» What you are asked to do
Leave the pictures out and write out the rest of the listing word for word.

» Provided material
<<<<
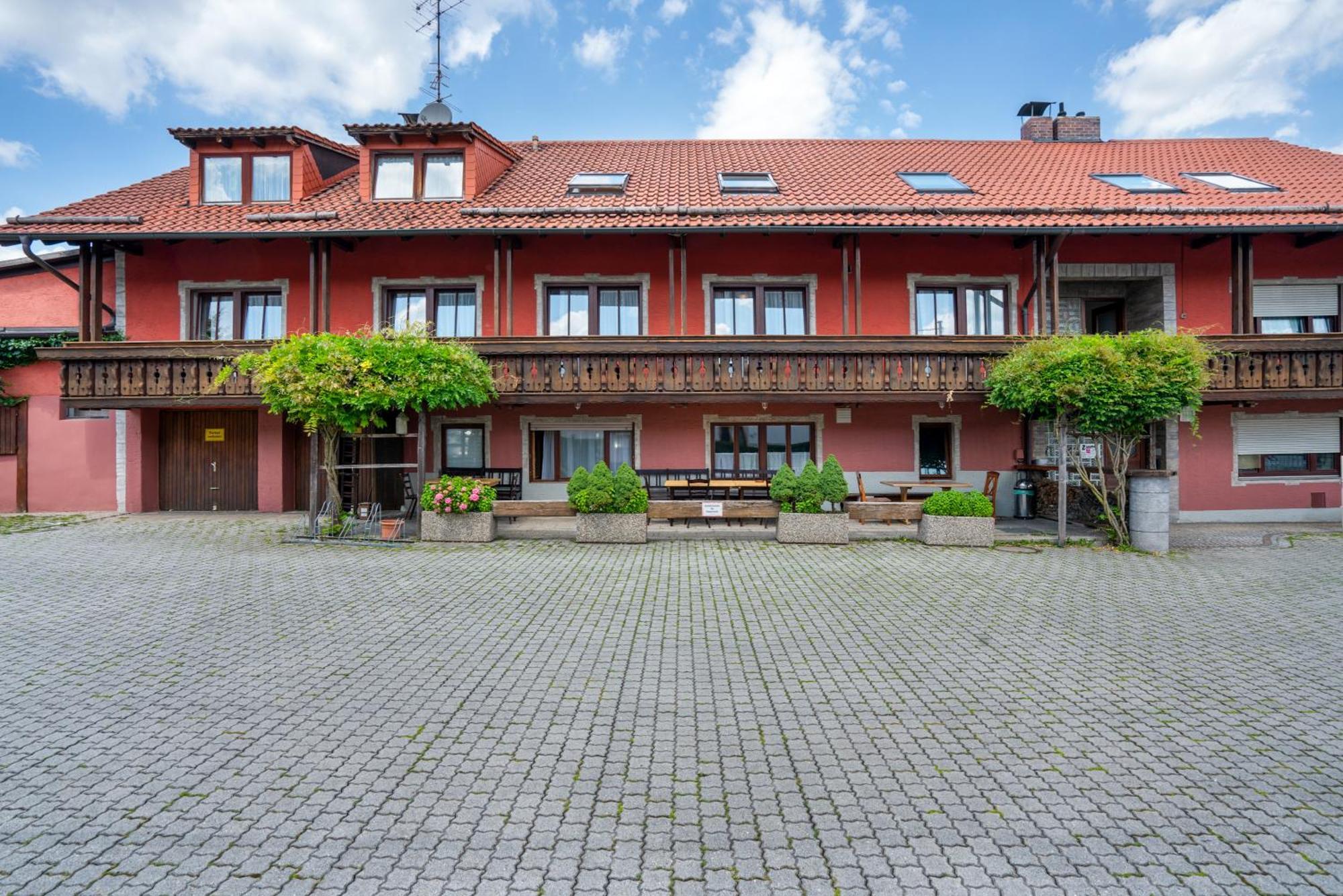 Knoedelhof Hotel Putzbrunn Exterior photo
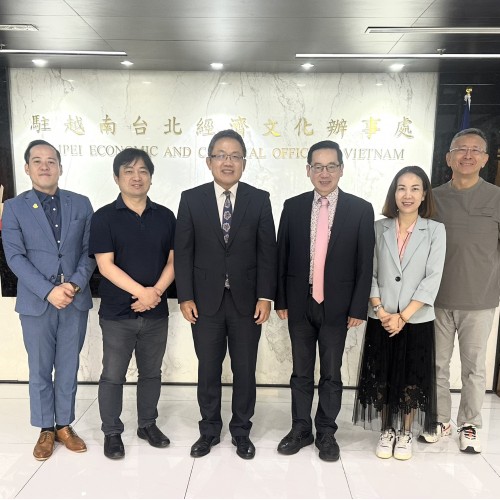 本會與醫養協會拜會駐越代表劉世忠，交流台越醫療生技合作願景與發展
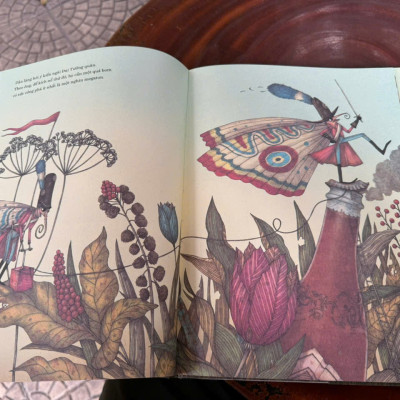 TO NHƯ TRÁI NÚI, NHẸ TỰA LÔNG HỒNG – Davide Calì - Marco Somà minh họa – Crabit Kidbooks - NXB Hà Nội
>>>>
» Answer space
 Knoedelhof Hotel Putzbrunn Exterior photo
 本會與醫養協會拜會駐越代表劉世忠，交流台越醫療生技合作願景與發展
 TO NHƯ TRÁI NÚI, NHẸ TỰA LÔNG HỒNG – Davide Calì - Marco Somà minh họa – Crabit Kidbooks - NXB Hà Nội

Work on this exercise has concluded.